Struct layout and allocation optimizations
Multithreading API stabilization & improvements
Per-module optimization levels
Other latency improvements
Implicit keyword argument values
The return of "soft scope" in the REPL
New @ccall macro
Faster random numbers
Automated rr-based bug reports
Pkg Protocol now the default
Conclusion

Struct layout and allocation optimizations

This release brings a major, long-desired optimization that can significantly reduce heap allocations in some workloads. To understand it, it helps to know a bit about Julia’s object model. Julia has both mutable and immutable kinds of objects. New record (composite) types declared with struct are immutable, whereas if you want a mutable record, you have to use mutable struct to declare the new type. The language automatically picks memory layouts and calling conventions for each type, generally trying to be compatible with C/C++. In general, a mutable object must exist in a single location on the heap, so mutable objects will be stored and passed by reference (unless the compiler can prove that it won’t matter). Immutable objects, on the other hand, give the compiler much greater flexibility. For example, an immutable struct containing two values could be passed to a function by reference just like a mutable struct with the same fields, but it can also be passed just by passing those two values in registers—because there’s no memory location that needs to be kept in sync with the values since regardless of where they came from, they cannot be modified.

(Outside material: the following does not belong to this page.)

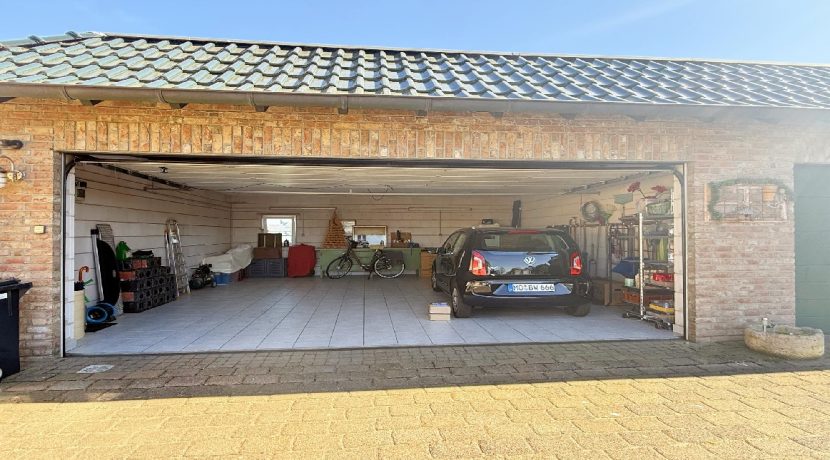 Doppelgarage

Prior to this release, layout optimizations for immutable objects had a significant limitation: if an immutable object pointed to a heap-allocated, mutable object, it would itself need to be heap-allocated. That was an artifact of how the garbage collector and code generator worked: it was simpler for there to be a one-to-one correspondence between object fields and GC roots. For 1.5, Jameson Nash did a redesign to fix this, allowing the compiler to track multiple roots inside object fields.

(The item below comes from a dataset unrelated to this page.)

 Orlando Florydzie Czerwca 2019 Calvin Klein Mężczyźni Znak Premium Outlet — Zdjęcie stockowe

As a result of this work, arbitrary immutable objects—regardless of whether they have fields that reference mutable objects or not—can now be stack allocated, passed and returned by value, and stored inline in arrays and other objects. In short, immutable structs that refer to mutable values are now just as efficient as immutable structs that only refer to other immutable objects. (There are some size-based limits to which structs can be stack allocated, but they are unlikely to be exceeded in practice.)

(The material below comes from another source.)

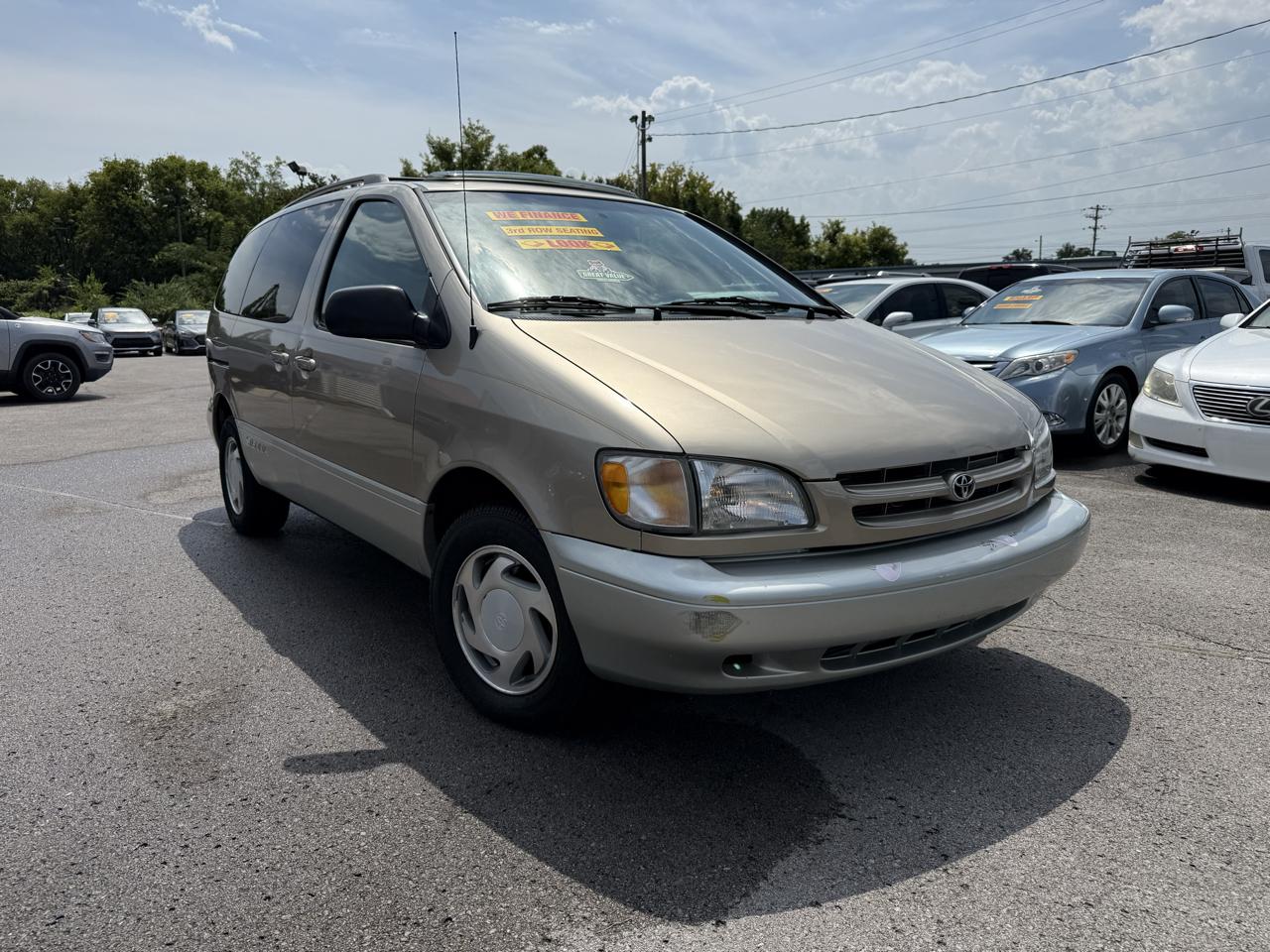 Toyota Sienna LE 4-Door 2000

This is a big deal because many important abstractions can only be implemented by wrapping mutable objects in structs. The classic example in Julia is array "views" (the SubArray type), which wrap mutable arrays together with some metadata about how to translate indices into the view into indices into the original array. The purpose of a view is to be able to pass part of an array to a function without copying it. However, if the view object itself needs to be heap allocated, we find ourselves in the unfortunate situation where using views to eliminate allocation itself causes allocation: in previous Julia versions, you had to choose between copying array slices or using views but having to allocate view objects. Even though view objects are small and relatively cheap to allocate, any amount of allocation can inhibit optimizations and trigger garbage collection, both of which can be painful in performance-critical code. Eliminating this allocation has been sufficiently important for some users that the UnsafeArrays package exists solely to allow creating views without allocating.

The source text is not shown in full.